ENTRIES SHOWN ▸
☆ ☆ ☆ ☆ ☆

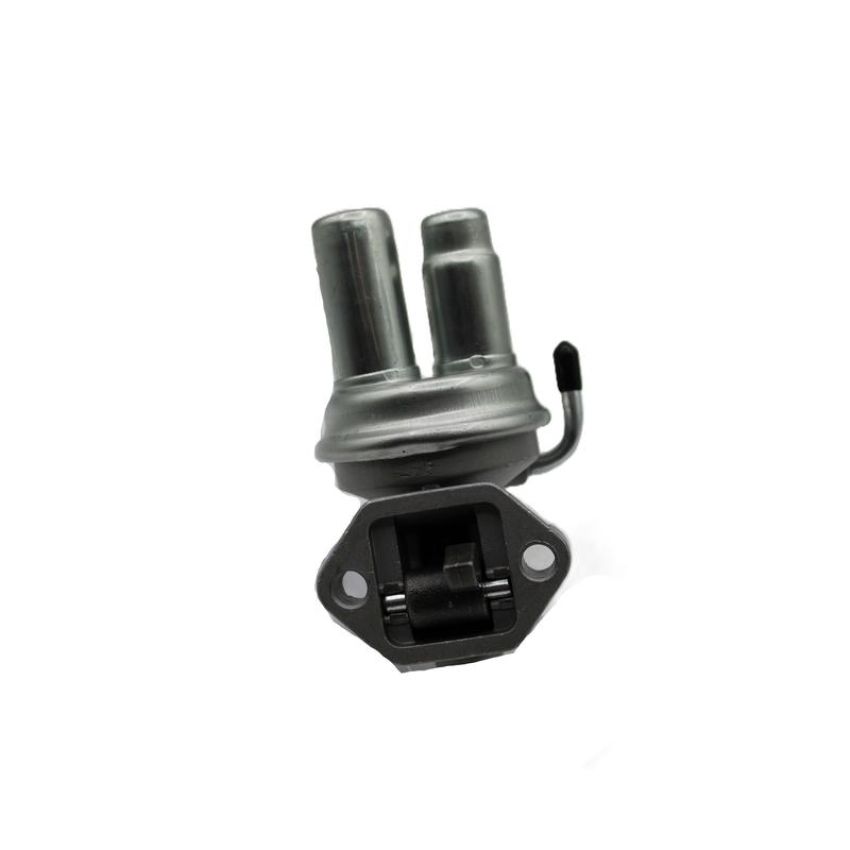 AUTOBEST F9764M Autobest F9764M Mechanical Fuel Pump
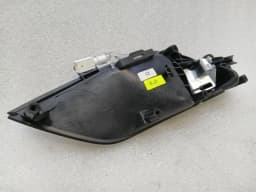 AUDI Audi R8 4S Performance Door Inner Handle 4S1837019 Interior Door Handle — thumbnail 5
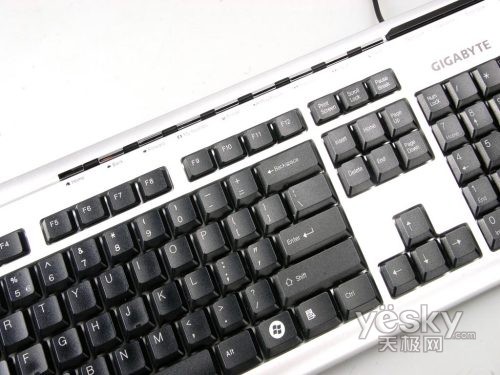 ����칫��Ʒ����KG-KM6100������װ����(2)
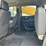 2022-chevrolet-silverado-1500-4x4-crew-cab-pickup-truck-image-23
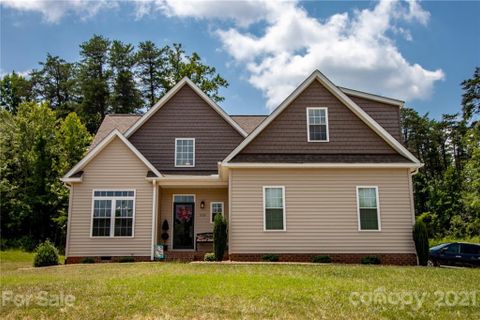513 Oak Forest Lane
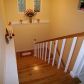 751 Chestnut Cove Trail, Jasper, GA 30143 ID:2684282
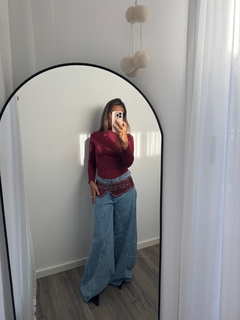 Denim Morrison - comprar online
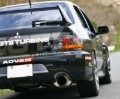 Picture of HKS Exhaust-Super Turbo Catback - 31029-AM001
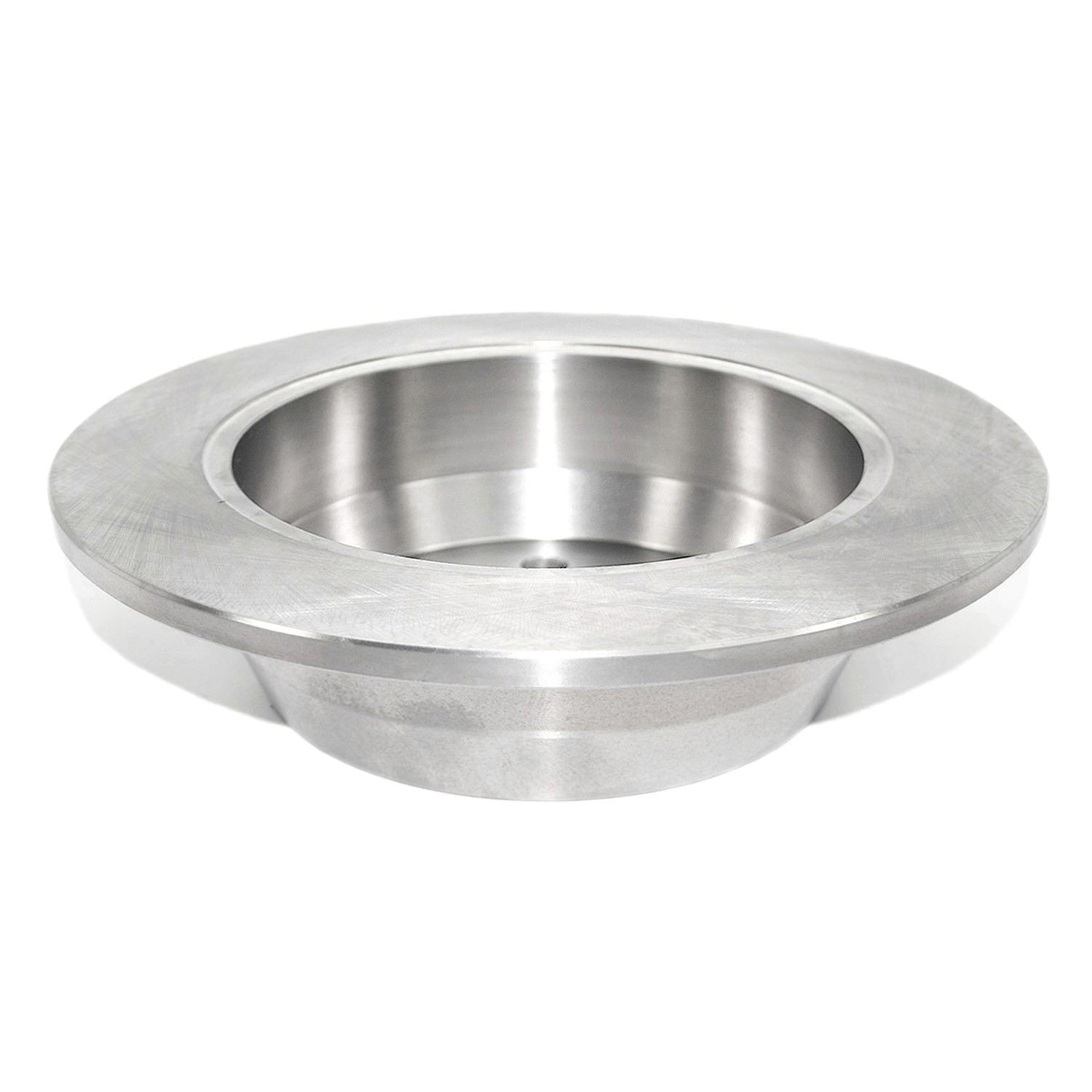 durago duragoâ® brake rotor frsport br5119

☆ ☆ ☆ ☆ ☆

WORK INSTRUCTION ▸ Please output all of the entries above exactly, but without any picture.

SOLVED PROBLEM ▸
 AUTOBEST F9764M Autobest F9764M Mechanical Fuel Pump
 AUDI Audi R8 4S Performance Door Inner Handle 4S1837019 Interior Door Handle — thumbnail 5
 ����칫��Ʒ����KG-KM6100������װ����(2)
 2022-chevrolet-silverado-1500-4x4-crew-cab-pickup-truck-image-23
513 Oak Forest Lane
 751 Chestnut Cove Trail, Jasper, GA 30143 ID:2684282
 Denim Morrison - comprar online
 Picture of HKS Exhaust-Super Turbo Catback - 31029-AM001
 durago duragoâ® brake rotor frsport br5119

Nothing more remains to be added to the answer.